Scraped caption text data
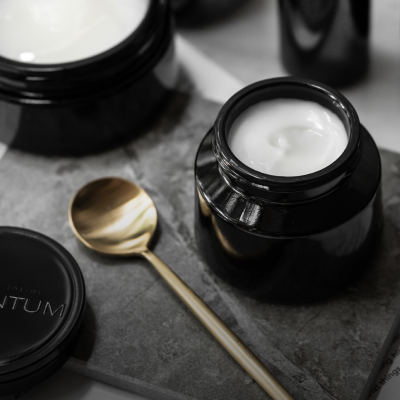 Argentum silver face cream on slate surface with gold spoon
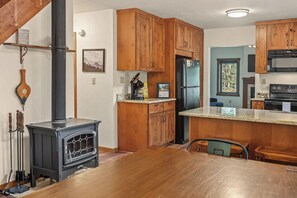 A kitchen with wooden cabinets, a black stove, and a refrigerator.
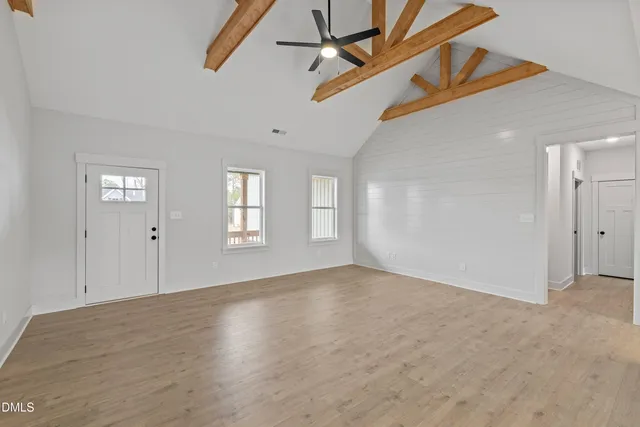 a view of a livingroom with a ceiling fan and kitchen view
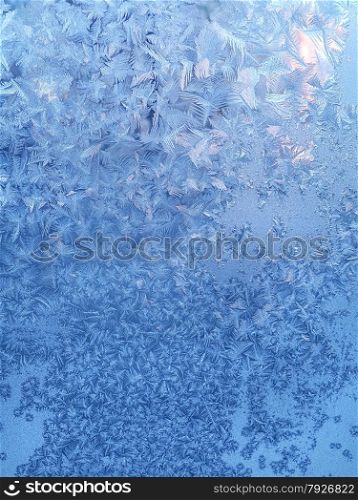 Texture of beautiful ice pattern on winter glass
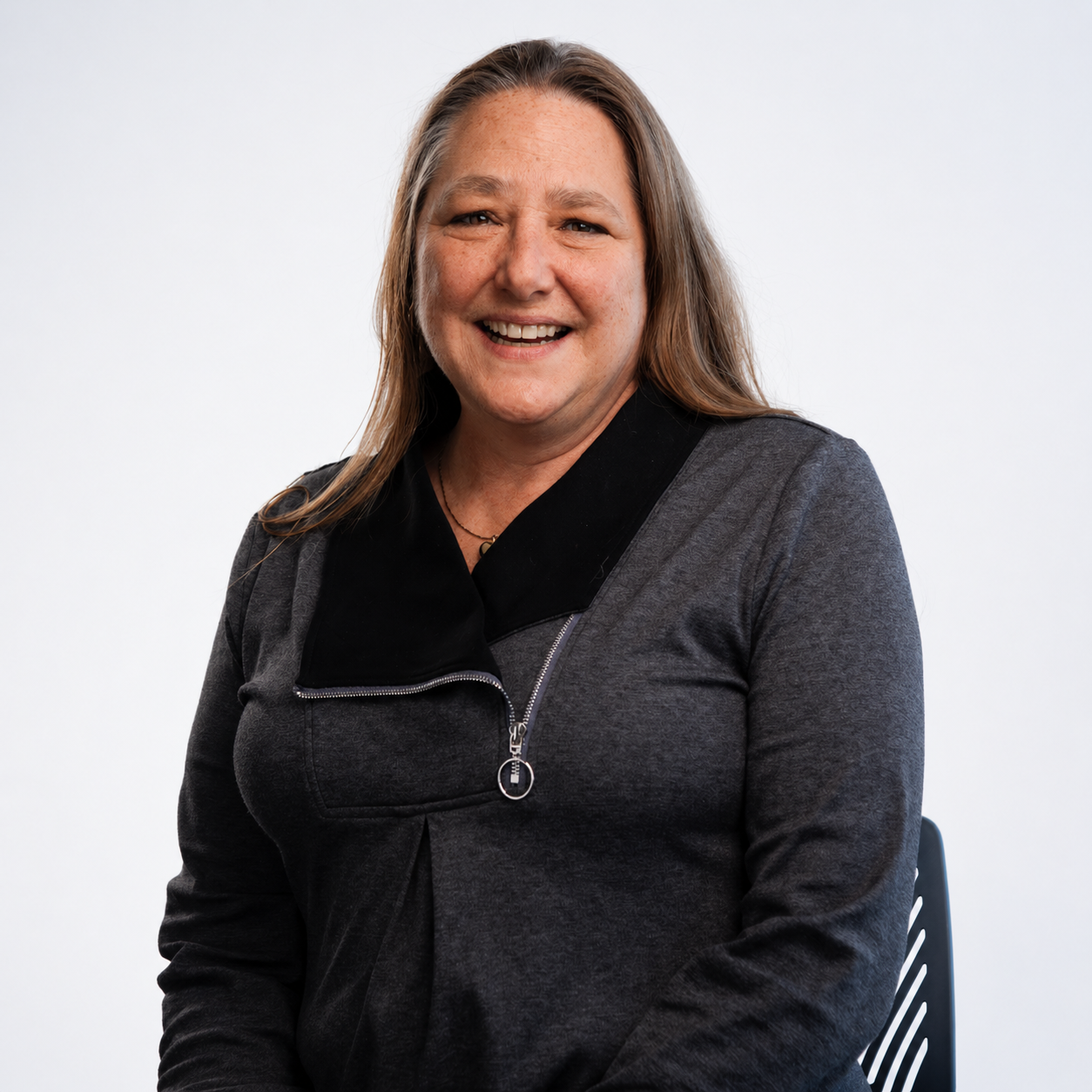 Meet our education administrator, Kim Bacon. A woman smiling outdoors on a cloudy day, standing on a grassy area with trees and a landscape in the background, wearing a brown cardigan and a beaded necklace.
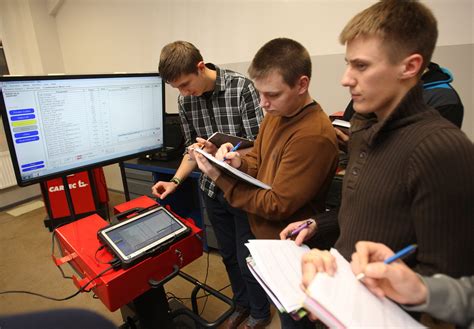 Nuotrauka, vaizduojanti studentus praktiniuose užsiėmimuose automobilių elektronikos dirbtuvėse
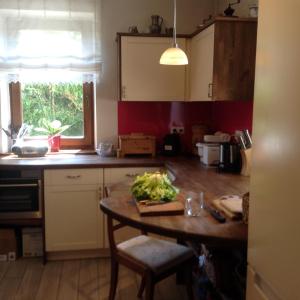 a kitchen with a table with vegetables on it at Ferienhaus Inselweg in Faak am See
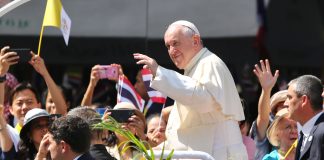Pope Francis waving to the crowd while on the pope mobile with some Thai flags in the background during his Apostolic Visit to Thailand in 2019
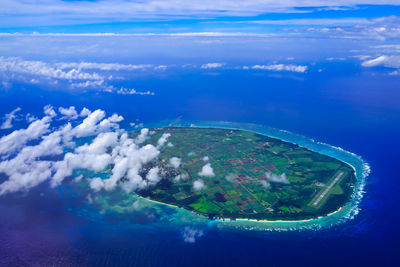 Aerial view of sea and cityscape against sky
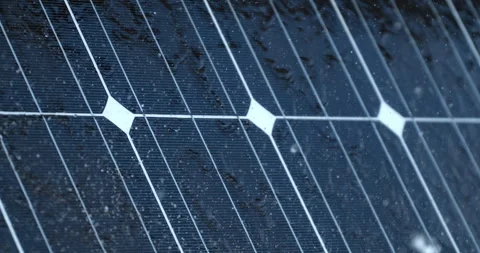 Macro of rainwater drops falling on solar panels at photovoltaic power plants Stock Footage 268234905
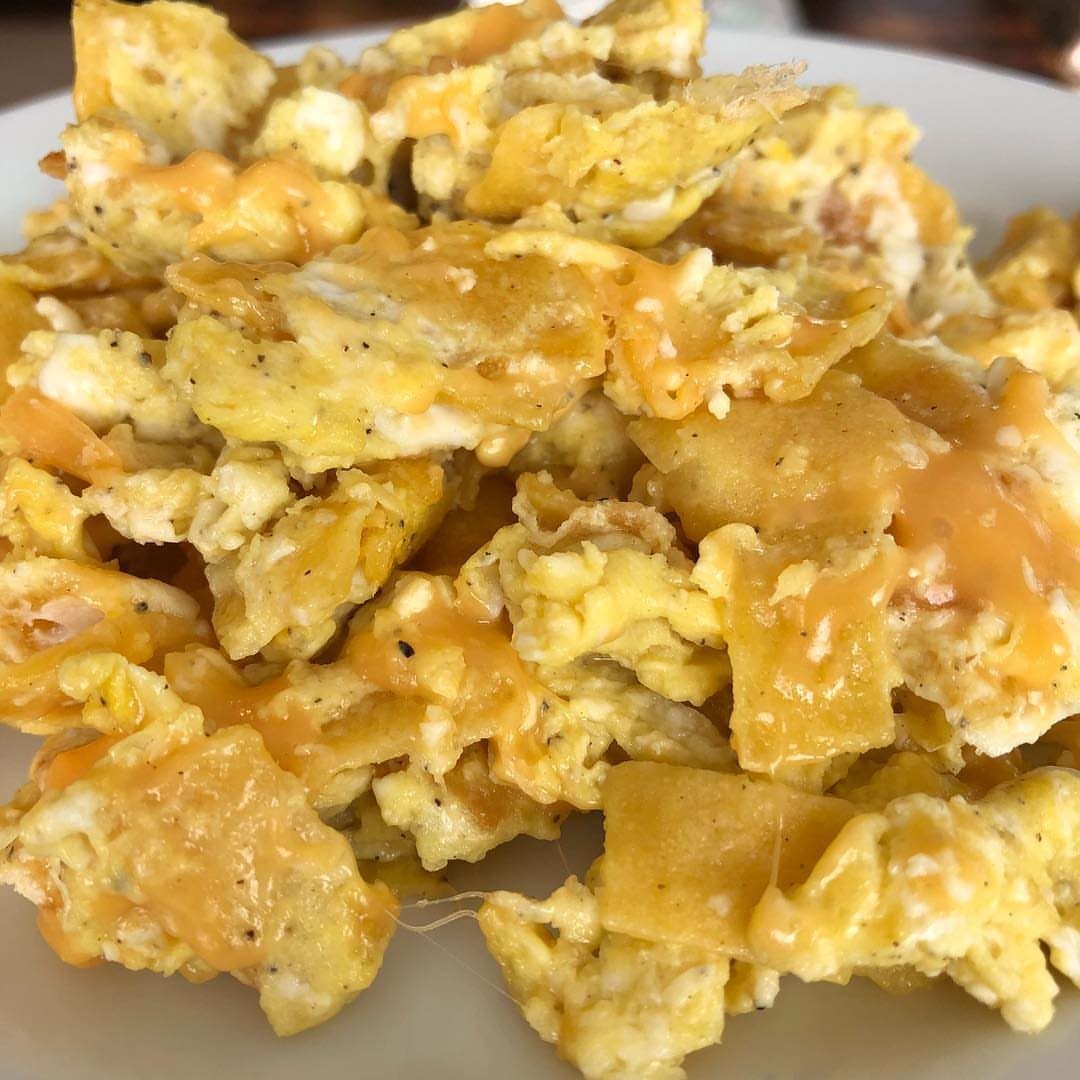 32 Ideas on What to Serve for Breakfast, From Eggs to Scones 30 Migas consisting of scrambled eggs, crispy tortilla pieces, and melted cheese on a plate.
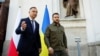Polish President Andrzej Duda (left) and Ukrainian President Volodymyr Zelenskiy talk after a church service in Lutsk on July 9.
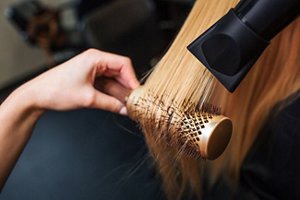 Woman with dark blonde hair having her hair styled with a rounded brush and a hairdryer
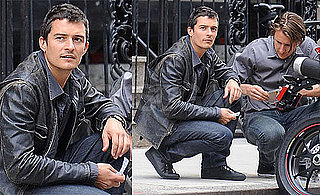 Photos of Orlando Bloom Fixing His Motorcycle in NYC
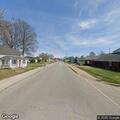 Traffic stop on silver Nissan near school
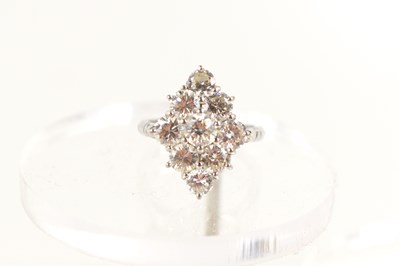 Lot 18 - A white gold and diamond ring set with nine...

__What you should do__
Without including a single picture, restate all of the data word for word.

__Solution for this task__
 Argentum silver face cream on slate surface with gold spoon
 A kitchen with wooden cabinets, a black stove, and a refrigerator.
 a view of a livingroom with a ceiling fan and kitchen view
 Texture of beautiful ice pattern on winter glass
 Meet our education administrator, Kim Bacon. A woman smiling outdoors on a cloudy day, standing on a grassy area with trees and a landscape in the background, wearing a brown cardigan and a beaded necklace.
 Nuotrauka, vaizduojanti studentus praktiniuose užsiėmimuose automobilių elektronikos dirbtuvėse
 a kitchen with a table with vegetables on it at Ferienhaus Inselweg in Faak am See
Pope Francis waving to the crowd while on the pope mobile with some Thai flags in the background during his Apostolic Visit to Thailand in 2019
 Aerial view of sea and cityscape against sky
 Macro of rainwater drops falling on solar panels at photovoltaic power plants Stock Footage 268234905
 32 Ideas on What to Serve for Breakfast, From Eggs to Scones 30 Migas consisting of scrambled eggs, crispy tortilla pieces, and melted cheese on a plate.
Polish President Andrzej Duda (left) and Ukrainian President Volodymyr Zelenskiy talk after a church service in Lutsk on July 9.
 Woman with dark blonde hair having her hair styled with a rounded brush and a hairdryer
 Photos of Orlando Bloom Fixing His Motorcycle in NYC
 Traffic stop on silver Nissan near school
 Lot 18 - A white gold and diamond ring set with nine...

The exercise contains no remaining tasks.